The Lighting Quotient’s “elliptipar” and “tambient” products are distributed to customers around the country and world, and are currently in use at some very well-known sites, including the Thomas Jefferson Memorial and Martin Luther King, Jr. Memorial in Washington, D.C., the Olympic Visitors Center and U.S. Olympic Training Center in Colorado Springs, the CN Tower in Downtown Toronto, Grand Central Terminal in Manhattan, and even the White House. One of The Lighting Quotient’s designs was even named the “Greenest Office Space in Asia”. But even though The Lighting Quotient’s products are used around the world, they have maintained a commitment to American manufacturing by using local materials, and working with more than 100 other Connecticut companies to produce their merchandises.
The Lighting Quotient participates in programs with CONNSTEP, the New Haven Manufacturers Association, the Materials and Manufacturing Teachers Institute, and many other educational programs to attract current manufacturing students to work in Connecticut.

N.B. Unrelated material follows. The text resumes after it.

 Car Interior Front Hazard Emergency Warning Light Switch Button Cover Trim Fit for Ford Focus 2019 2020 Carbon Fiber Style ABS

The company even initiated their own new student scholarship program, named for the founder Sy Shemitz and administrated through the IES (Illuminating Engineering Society), which is designed to help aspiring lighting designers, engineers and architects get the training and certifications they need.
“For 38 years, The Lighting Quotient has supported countless other Connecticut companies and hundreds of local families, all through their commitment to buy local and to buy American,” said Murphy. “During my visit to the facility in West Haven last week, it became clear that all of their investments – whether it’s advanced training for their current employees, scholarships to help new technicians launch their careers, or research and development of more efficient technologies – The Lighting Quotient is on the cutting edge of their industry."
The manufacturing industry plays a crucial role throughout Connecticut communities, creating new jobs and accelerating our state’s economic recovery. Today, Connecticut’s 4,602 manufacturers account for 10.2% of the state’s jobs and 87% of the state’s total exports. In order to protect and grow manufacturing jobs in Connecticut, Murphy has introduced two pieces of legislation that aim to strengthen existing standards and prioritize the purchase of American-made goods, the 21st Century Buy American Act and the American Jobs Matter Act.